Yeni Dönemin Rotası: Yerli Üretim, Çoklu Teknoloji ve Dijital Dönüşüm – Ali Haydar BOZKURT röportajı
2025 yılının kalan bölümü ve 2026 yılı için dünya ve Türkiye ekonomisine ilişkin beklentileriniz neler kısa ve orta vadede otomotiv sektörüne dair öngörüleriniz nelerdir?

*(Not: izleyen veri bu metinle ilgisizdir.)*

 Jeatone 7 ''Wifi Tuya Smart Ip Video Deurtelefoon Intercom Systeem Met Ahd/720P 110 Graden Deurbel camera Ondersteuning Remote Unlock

Dünya ekonomisine baktığımızda, IMF ve Dünya Bankası 2025 ve 2026 için küresel büyümeyi yüzde 3 civarında öngörüyor. Yani çok hızlı bir büyümeden söz edemiyoruz ama dengeli, istikrarlı bir dönem bekleniyor. Türkiye’de ise ekonomistlerin büyüme beklentileri ortalaması da yüzde 2.7 ve yüzde 4.1 arasında değişiyor. Enflasyonun kademeli olarak düşmesi, yatırım ortamının daha öngörülebilir hale gelmesi ve mali disiplinin korunması, ülkemiz için en önemli başlıklar olmaya devam ediyor.

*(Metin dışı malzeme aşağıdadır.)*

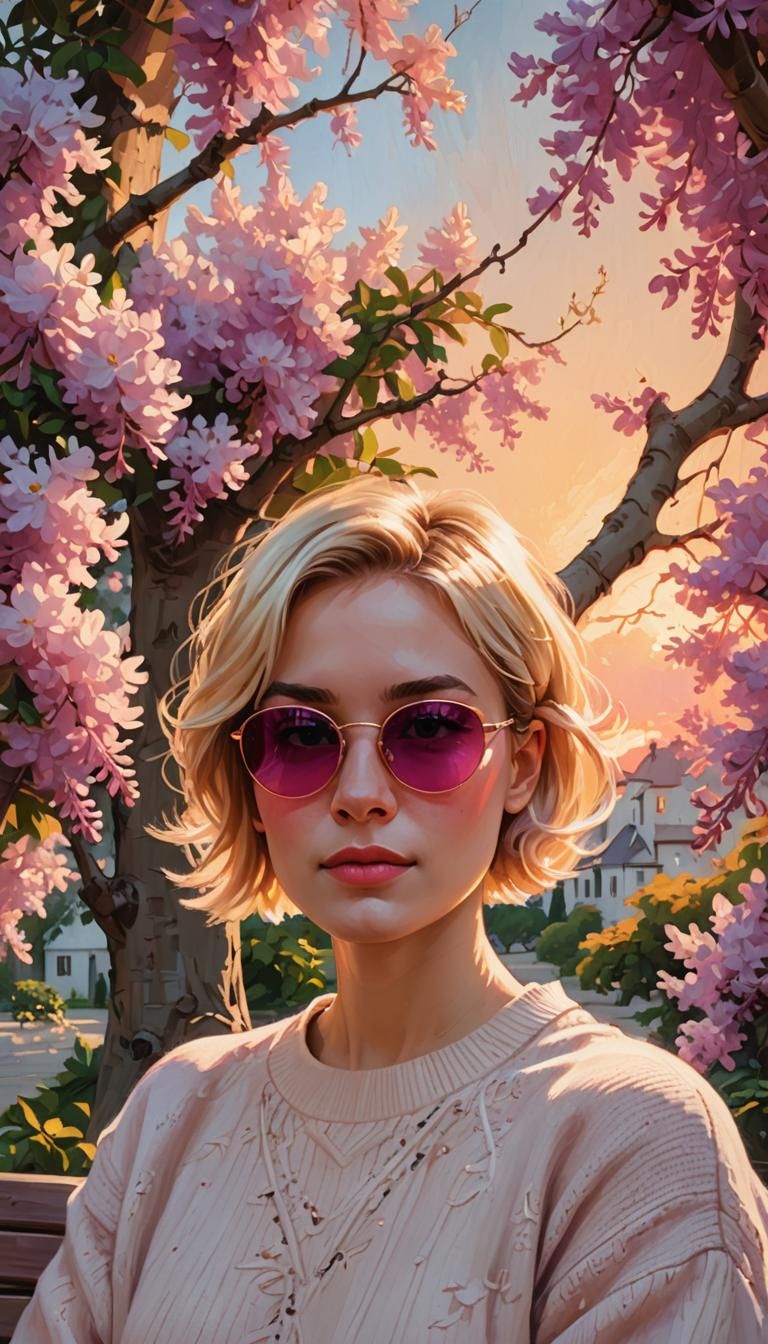 Woman in Sunglasses Under Wisteria Tree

Otomotivde ise Türkiye pazarında güçlü tempo devam ediyor. 2025 yılını 1 milyon 250 bin – 1 milyon 300 bin adetlik bir pazarla kapatmamız muhtemel. Temmuz ayında gerçekleşen ÖTV değişikliğinin ardından herkes, ‘pazar buna nasıl tepki verecek?’ diye bekliyordu. Şu ana kadar gözlemlediğimiz kadarıyla, olumsuz bir tepki yok. Yeni ÖTV düzenlemeleri, yerli modellerin avantajını artırırken ithal modelleri fiyat açısından daha zorlayıcı hale getirdi. Bu nedenle Türkiye’de üretim yapan markalar öne çıkacak.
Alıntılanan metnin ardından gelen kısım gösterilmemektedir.